Lake Powell, Lake Mead — we created these outsized watering holes by replacing natural wonders like Glen Canyon with human wonders like the Glen Canyon Dam. Now America’s manmade lakes are going dry. Rebecca Solnit (with Edward Abbey looking closely over her shoulder) asks what might reappear as the desert reclaims itself.
When the Sierra Club pronounced Glen Canyon dead in 1963, the organization’s leaders expected it to stay dead under Lake Powell. But this old world is re-emerging, and its fate is being debated again. The future we foresee is often not the one we get, and Lake Powell is shriveling, thanks to more water consumption and less water supply than anyone anticipated. Beneath it lies not just canyons but spires, crests, labyrinths of sandstone, Anasazi ruins, petroglyphs, and burial sites, an intricate complexity hidden by water, depth lost in surface.

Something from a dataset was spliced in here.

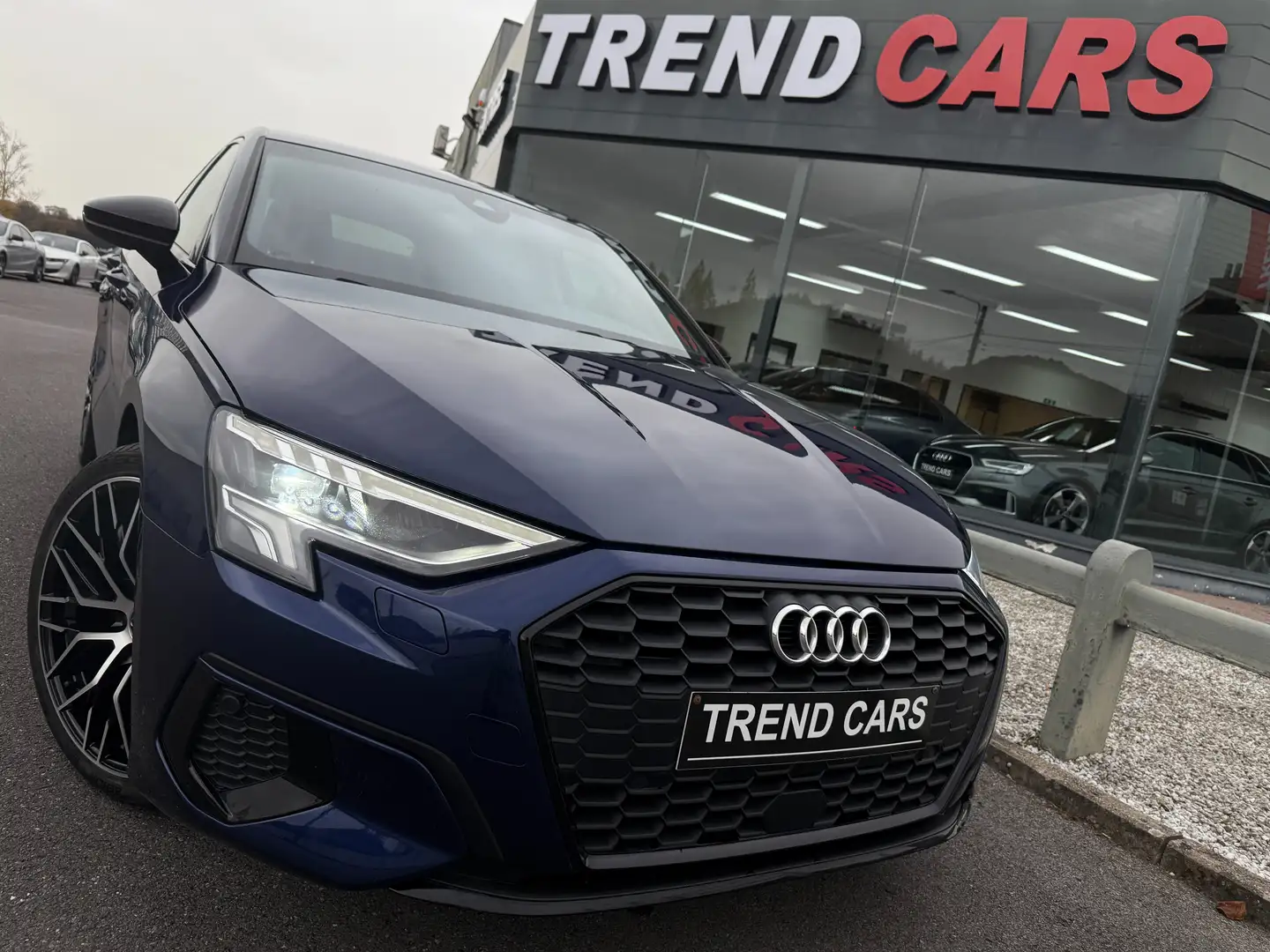 Audi A3 30TDi LED MATRIX CUIR CAM CARPLAY SHADOW LOOK GAR. Blu/Azzurro - 1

Dionne Searcey and photographer Adam Ferguson bring National Route 1 — the desert highway outside Diffa, Niger, where thousands have gathered to take shelter from the Boko Haram — vividly to life. Cheers to The New York Times for continuing its impressive experiments with digital, and especially for bending the medium to the story, rather than the other way around.
Construction stopped two years ago after attacks by Boko Haram spiked. [The road's] intended destination — oil fields near the border with Chad — is far away, about 80 miles beyond the choppy lip where the pavement suddenly cuts off, like an interrupted thought.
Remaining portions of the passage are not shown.